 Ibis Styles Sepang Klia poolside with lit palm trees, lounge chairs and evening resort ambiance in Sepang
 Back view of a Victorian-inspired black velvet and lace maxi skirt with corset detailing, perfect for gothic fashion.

※ ※ ※

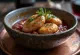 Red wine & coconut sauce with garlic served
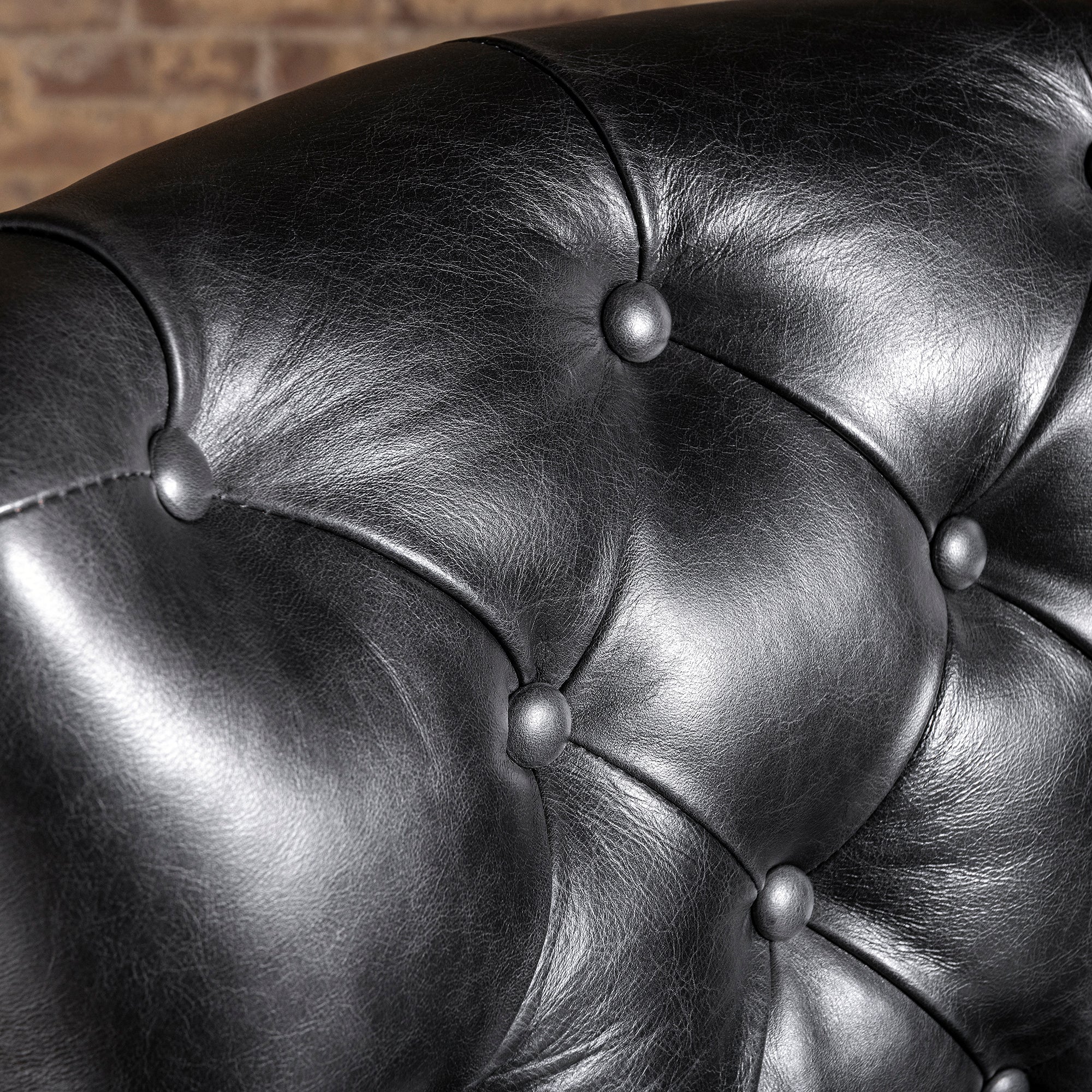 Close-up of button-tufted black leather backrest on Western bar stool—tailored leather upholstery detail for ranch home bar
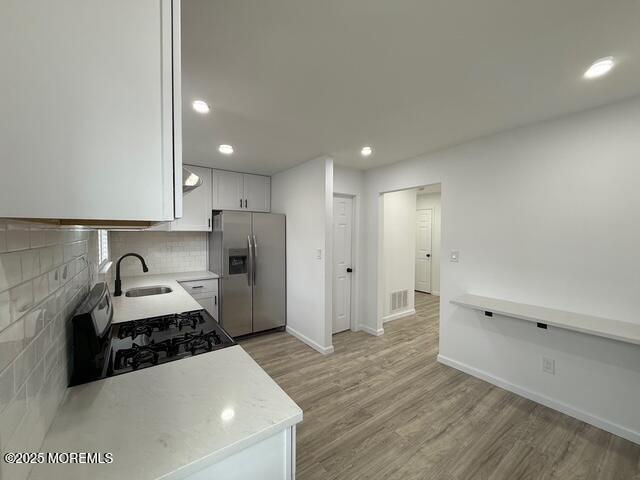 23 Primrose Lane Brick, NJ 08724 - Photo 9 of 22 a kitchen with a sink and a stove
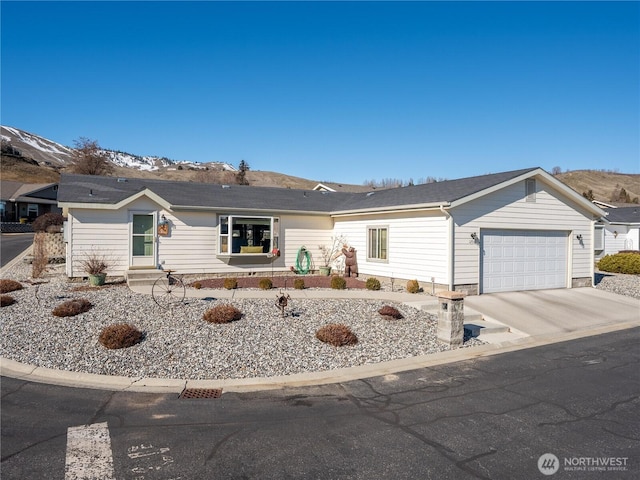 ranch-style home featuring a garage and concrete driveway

※ ※ ※

Reproduce only the lines above spanning from the line containing "Ibis Styles Sepang" through the line containing "Back view of", word for word.

WRITTEN RESPONSE
 Ibis Styles Sepang Klia poolside with lit palm trees, lounge chairs and evening resort ambiance in Sepang
 Back view of a Victorian-inspired black velvet and lace maxi skirt with corset detailing, perfect for gothic fashion.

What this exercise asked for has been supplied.